Converting wide char string to lowercase in C++

Nitramk picture Nitramk · Oct 23, 2009 · Viewed 16.2k times · Source

How do I convert a wchar_t string from upper case to lower case in C++?

The string contains a mixture of Japanese, Chinese, German and Greek characters.

I thought about using towlower...

http://msdn.microsoft.com/en-us/library/8h19t214%28VS.80%29.aspx

.. but the documentation says that:

The case conversion of towlower is locale-specific. Only the characters relevant to the current locale are changed in case.

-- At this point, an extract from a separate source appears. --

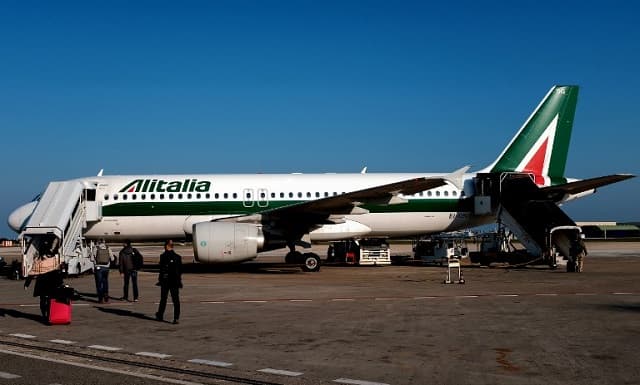 Alitalia strike disrupts air travel in Italy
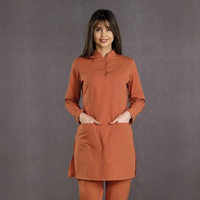 Haute Qualité Mode Salon Gommage Top Beauté Tuniques Salon Uniformes Salon De Beauté Dames Spa Uniforme Esthéticienne Uniforme pour Femmes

Edit: Maybe I should describe what I'm doing. I receive a Unicode search query from a user. It's originally in UTF-8 encoding, but I'm converting it to a widechar (I may be wrong on the wording). My debugger (VS2008) correctly shows the Japanese, German, etc characters in in the "variable quick watch". I need to go through another set of data in Unicode and find matches of the search string. While this is no problem for me to do when the search is case sensitive, it's more problematic to do it case insensitive. My (maybe naive) approach to solve the problem would be to convert all input data and output data to lower case and then compare it.

Answer

Jonathan Leffler picture Jonathan Leffler · Oct 23, 2009

If your string contains all those characters, the codeset must be Unicode-based. If implemented properly, Unicode (Chapter 4 'Character Properties') defines character properties including whether the character is upper case and the lower case mapping, and so on.

Given that preamble, the towlower() function from <wctype.h> is the correct tool to use. If it doesn't do the job, you have a QoI (Quality of Implementation) problem to discuss with your vendor. If you find the vendor unresponsive, then look at alternative libraries. In this case, you might consider ICU (International Components for Unicode).